Progress on climate policy can feel slow and sometimes acrimonious. However, there is one area most everyone agrees the oil and gas sector can, and must, address: methane emissions.
While progress on climate policy can often feel agonizingly slow and sometimes acrimonious, particularly as it pertains to the energy sector, 2023 ended with the announcement of ambitious proposed policies in both Canada and the U.S. that highlight the one area most everyone agrees the oil and gas sector can, and must, address: methane emissions. As we’ve noted previously, methane is a potent greenhouse gas that has up to 80 times the impact of CO2 when it comes to warming the atmosphere,1 and the oil and gas sector is one of North America’s biggest sources of methane emissions. However, reducing methane emissions is also one of the most cost-effective reduction activities for the industry—so much so that certain abatement strategies can essentially be revenue positive. Methane is a key component of natural gas, so every molecule of methane kept from the atmosphere has an inherent financial value that can be realized.
Industry is keen to point to the success it has had in reducing methane emissions in recent years, and the gains are significant. According to the Canadian Association of Petroleum Producers, between 2012 and 2021, Canadian conventional oil and natural gas producers reduced methane emissions by 34% and emissions intensity by 46%.2 Canada and the U.S. have previously set reduction targets of 40-45% by 2025, and it is looking like those targets may be met—a rare win on the climate front. Canada has built upon this momentum to set a 75% reduction target for 2030, and the draft regulations released late last year are meant to guide the path to that goal.

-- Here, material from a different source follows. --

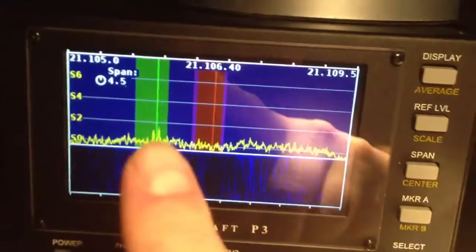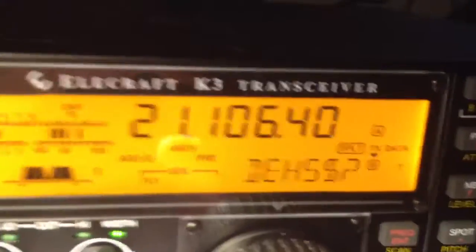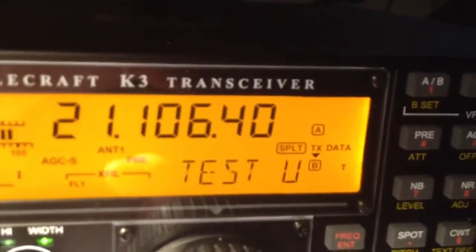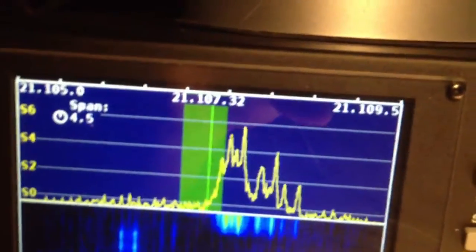So this over here in the green is the 5H3 station, and the red is the split. So now he's calling test. There's the pileup up here. I can hit my reverse button on the VFO and tune in that station.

We have long been vocal in our support for enhanced methane regulations for the industry, having contributed to numerous consultations in Canada and the U.S. over the years. The new proposed regulations will be the most ambitious the industry has seen, and we do feel they could be effective. Our rationale has been consistent and informed by our dialogues with energy companies, namely, reducing methane is the most cost-effective emissions reduction opportunity for the industry, by a longshot.
In general, the carbon emissions reductions demanded of industry by the science, and increasingly by governments, are immense. They require the rapid scaling of technologies that have yet to reach maturity, such as carbon capture, utilization and storage. Meanwhile, the industry has already made huge strides on methane reduction and there is a clear path to the goal, at a manageable cost. A 2023 study by Dunsky Energy + Climate Advisors3 estimates the average cost of meeting the 75% methane reduction target in the Canadian oil and gas industry would be $11/tonne. Weighed against the projected cost of carbon in Canada in 2030 of $170/tonne it is an absolute steal, and dare we say, a no-brainer.

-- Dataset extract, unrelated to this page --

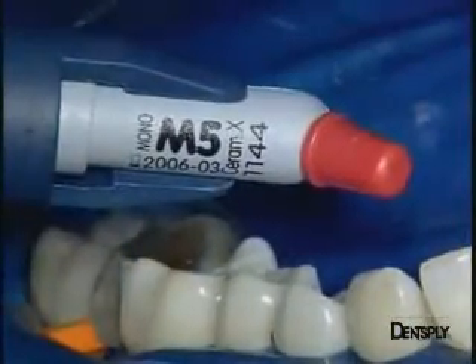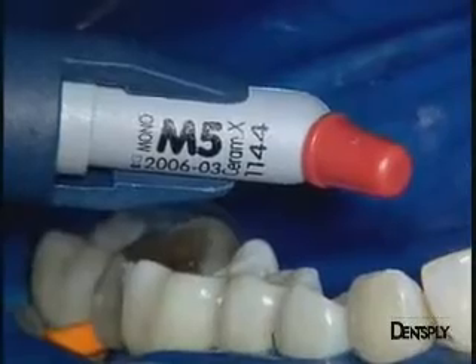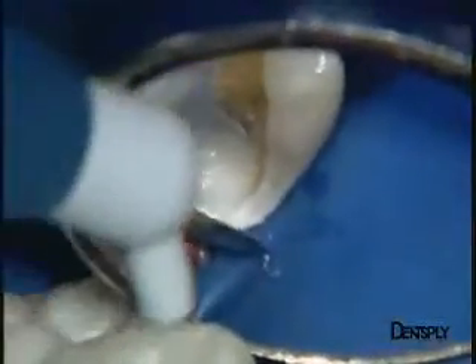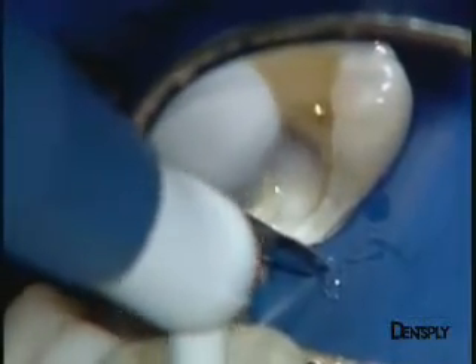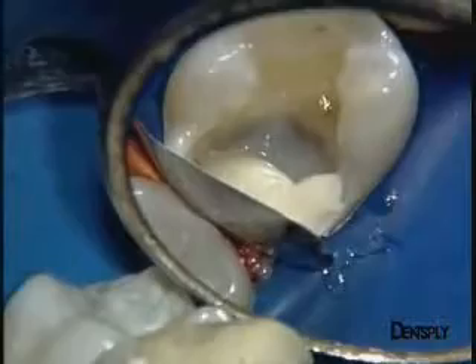Here is the M5 shade of Ceramix Mono Nano Ceramic Restorative. With a single Compule, we will be able to proceed to the hull restoration reconstruction. Moreover, we will obtain quite an acceptable aesthetical integration into the aural surrounding.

There is, however, a wrinkle. And it is a big one. While the technologies to reduce methane emissions are ready to go, we don’t actually know how much the industry is emitting due to a track record of underreporting. A 2023 study of Alberta-based emissions confirmed this pattern, with researchers finding that actual emissions were 1.5x more than reported emissions, and that major sources of emissions were different than what was captured by industry reporting.4 At the heart of this problem is that industry numbers are created by accounting assumptions—essentially adding up all the equipment managed and multiplying that by standard emission factors. The numerous studies that have contradicted industry numbers are created by direct measurement of emissions. The reason this discrepancy is alarming—aside from the implication that we are underestimating the sector’s impact on global warming—is that the solutions the industry undertakes to reduce its footprint may not be the right ones if they don’t have an accurate assessment of where methane is leaking. This would be an inefficient use of capital and a dangerous distraction from the actions needed.

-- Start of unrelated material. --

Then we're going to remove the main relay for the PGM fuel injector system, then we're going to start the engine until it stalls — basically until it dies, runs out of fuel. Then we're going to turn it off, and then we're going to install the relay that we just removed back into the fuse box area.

The solution is better measurement and reporting on methane at the source, something that has been a core part of our engagement with companies in the sector for years. This is where the Oil & Gas Methane Partnership 2.0 (OGMP 2.0) comes in. OGMP 2.0 is a collaboration between the UN, civil society and industry that is focused on driving best practice in methane measurement and management. Companies that sign onto OGMP 2.0 commit to working toward the use of direct measurement technologies to create accurate methane inventories to back ambitious reduction targets.
In 2023 we endeavoured to engage all Canadian oil and gas companies in our portfolio on the topic of joining OGMP 2.0 and expanding their use of direct measurement technologies. We hosted a workshop, wrote letters, and met directly with 30 companies. Many companies have indicated they are assessing the standard and whether they might join. While OGMP 2.0 has the participation of over 100 leading companies globally, not one of them is based in Canada. We hope to change that in 2024.
There is one aspect of the government’s emissions reduction proposal that dovetails with our ask on OGMP 2.0. The government has floated the idea that facilities with continuous, direct measurement technologies in place will be able to forgo certain elements of the draft regulations that require in-person inspections. That means companies that do pursue industry best practices (as exemplified by OGMP 2.0) could realize tangible benefits from a regulatory relief perspective. We see this as a win-win situation and will look to encourage governments and companies to pursue better measurement of methane in order to realize the substantial climate benefits that will come from meeting, and exceeding, our 75% national targets.